EAST SYRACUSE, N.Y. (AP) -- Union workers at a Syracuse-area auto parts plant have again rejected a contract proposal aimed at keeping the money-losing factory open.
The offer was rejected 580 to 530 during a two-day vote by workers at New Process Gear, where a previous proposal was turned down early last month.
Magna International, the Canadian company that owns the plant in East Syracuse, said it would accelerate the plant's shutdown if the offer was rejected. It had briefly halted its "wind-down process" while the union voted on the new offer.
Magna said Wednesday it was reserving comment on the vote until after it holds group meetings with employees at the plant later in the day.
"I'm not turning my back on a job," said Joe Addona, 49, of Seneca Falls, an assembler on the third shift who voted "no" in February and again Tuesday.
Addona said he doesn't want the plant to close, but workers have given so many concessions already, "I have to draw the line someplace."
UAW Local 624 leaders lobbied hard for the modified contract. They held nearly two dozen small meetings, explaining the contract to groups of between 50 and 70 for two hours at a time. The union represents about 1,200 production workers.
"None of our members wanted to see that plant close. They just want a fair day's pay for the type of work they do," said Local 624 President Scott Stanton. "Especially in the last 12-14 months, Magna asked for a lot from this membership, and clearly they've asked for too much."
The contract hinged on the plant meeting performance goals -- or coming close -- by July.
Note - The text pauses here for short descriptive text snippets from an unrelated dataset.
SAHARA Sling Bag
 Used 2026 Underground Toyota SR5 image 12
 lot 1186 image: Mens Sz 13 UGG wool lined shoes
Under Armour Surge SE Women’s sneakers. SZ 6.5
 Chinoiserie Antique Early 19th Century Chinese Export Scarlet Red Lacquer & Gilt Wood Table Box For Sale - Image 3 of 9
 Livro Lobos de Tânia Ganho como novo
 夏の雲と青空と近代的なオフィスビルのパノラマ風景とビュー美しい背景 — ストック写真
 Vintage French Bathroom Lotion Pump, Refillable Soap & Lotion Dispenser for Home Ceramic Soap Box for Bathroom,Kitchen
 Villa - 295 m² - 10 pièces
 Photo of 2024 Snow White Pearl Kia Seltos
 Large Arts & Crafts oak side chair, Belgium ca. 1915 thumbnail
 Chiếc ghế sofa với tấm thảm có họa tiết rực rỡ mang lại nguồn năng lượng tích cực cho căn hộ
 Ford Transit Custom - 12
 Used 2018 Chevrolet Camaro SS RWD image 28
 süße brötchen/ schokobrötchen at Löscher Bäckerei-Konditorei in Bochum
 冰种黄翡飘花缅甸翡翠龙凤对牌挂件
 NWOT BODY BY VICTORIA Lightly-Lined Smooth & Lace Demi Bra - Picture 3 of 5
The plant builds transfer cases for SUVs and trucks.
Even if the plant reached its milestones, the company planned to cut the work force almost in half, from 1,400 to 760. At its peak in 2002, the suburban Syracuse plant employed 4,000.
Without concessions on pay and work rules, Magna has said the plant can't compete and must close. The plant lost $117 million in 2007. If workers do not ratify the modified contract, Magna said it would accelerate the shutdown.
The revised contract was not much different from the one 76 percent of union members rejected in February.
Following that vote, Magna announced it would being closing the plant.
The union's bargaining committee, however, continued negotiations with management that last week produced the modified three-year contract proposal.
If the plant had reached the break-even point, workers would have kept their $20.16 per hour wage through September 2011. If the plant comes close, wages would have fallen to $16 per hour in August.
After September 2011, workers' wages would have been set at $16 per hour. Just two years ago, workers earned more than $29 an hour.
It was the union's hope that the plant would become profitable again and it could have negotiated for higher wages in the next agreement, said Stanton.
The proposed agreement would have given the plant the operating flexibility it needed to meet production schedules and customer requirements, said Greg Deveson, senior vice president of Magna Powertrain Driveline and Chassis Control Systems.
The plant intended to reach its performance milestones by becoming more efficient and by cutting overtime, worker absenteeism and worker's compensation costs, he said.
The state had offered Magna a $39 million aid package payable over three years. The federal budget also contained training money for the plant.
Last month, Magna, North America's largest auto parts supplier, reported a quarterly loss of $148 million and said its fourth-quarter sales were down nearly 30 percent. It was the company's second straight quarterly loss, although for the full year, Magna showed a profit of $71 million.